=== Section Start ===

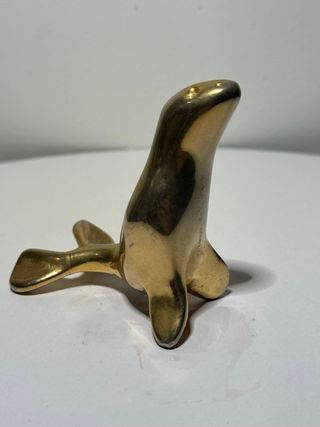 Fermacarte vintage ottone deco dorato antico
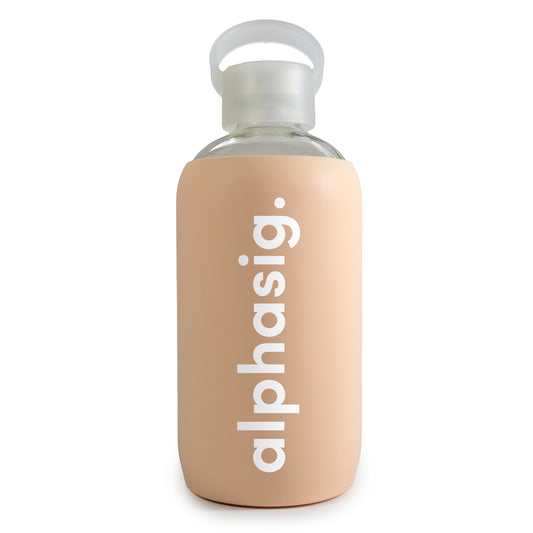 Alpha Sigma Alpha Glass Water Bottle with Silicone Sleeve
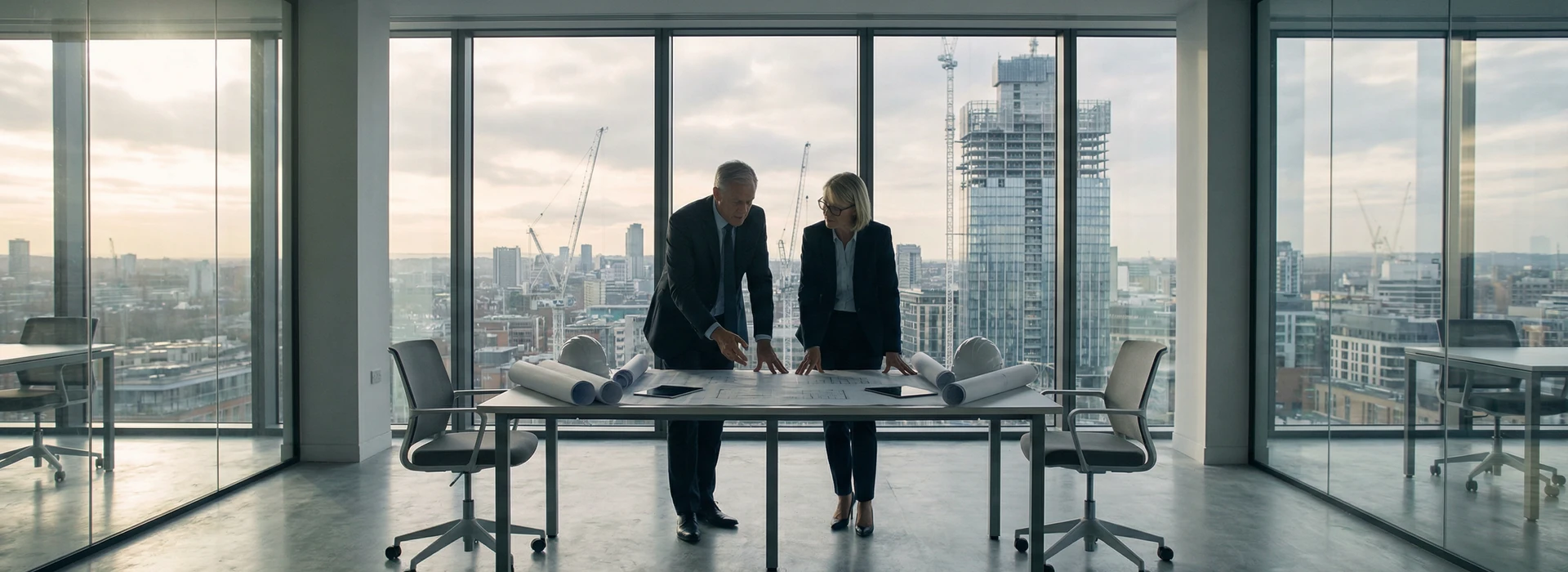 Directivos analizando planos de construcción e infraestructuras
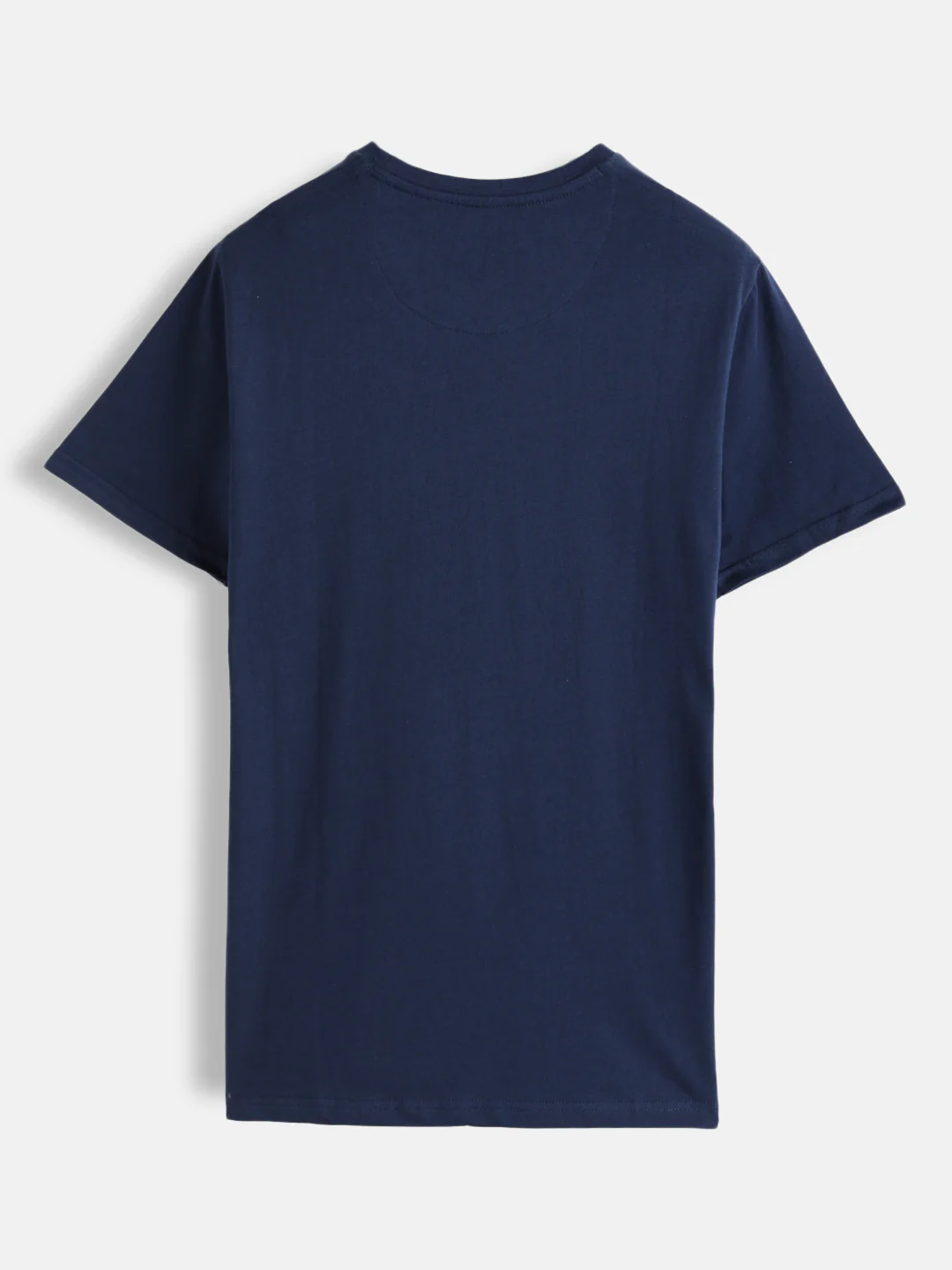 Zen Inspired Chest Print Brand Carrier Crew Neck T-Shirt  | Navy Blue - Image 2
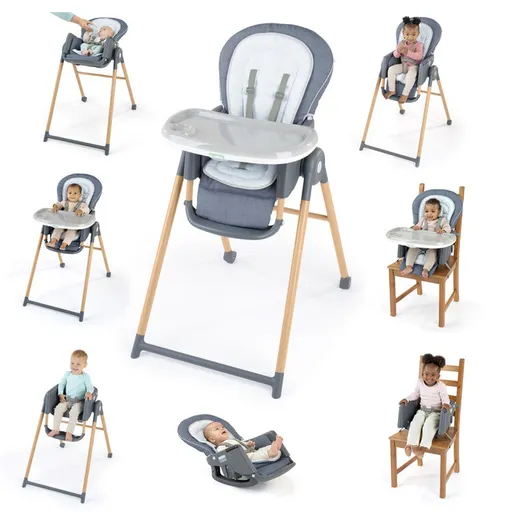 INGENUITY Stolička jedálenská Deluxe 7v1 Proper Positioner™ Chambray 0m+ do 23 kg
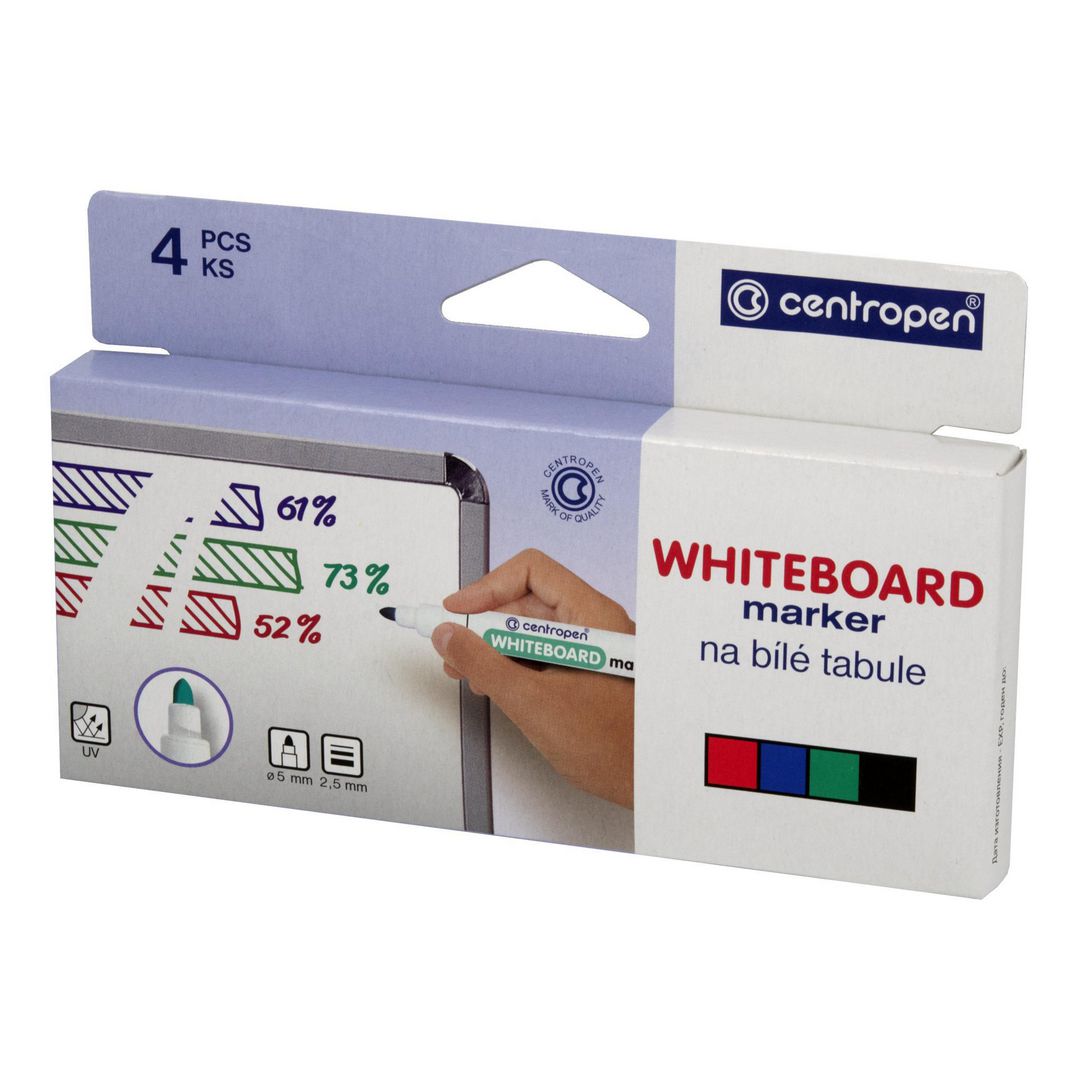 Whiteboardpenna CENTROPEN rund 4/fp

=== Section End ===

**Try it:**
Copy out each line of the data exactly as it reads; skip the pictures.

**Response below:**
 Fermacarte vintage ottone deco dorato antico
 Alpha Sigma Alpha Glass Water Bottle with Silicone Sleeve
 Directivos analizando planos de construcción e infraestructuras
 Zen Inspired Chest Print Brand Carrier Crew Neck T-Shirt  | Navy Blue - Image 2
 INGENUITY Stolička jedálenská Deluxe 7v1 Proper Positioner™ Chambray 0m+ do 23 kg
 Whiteboardpenna CENTROPEN rund 4/fp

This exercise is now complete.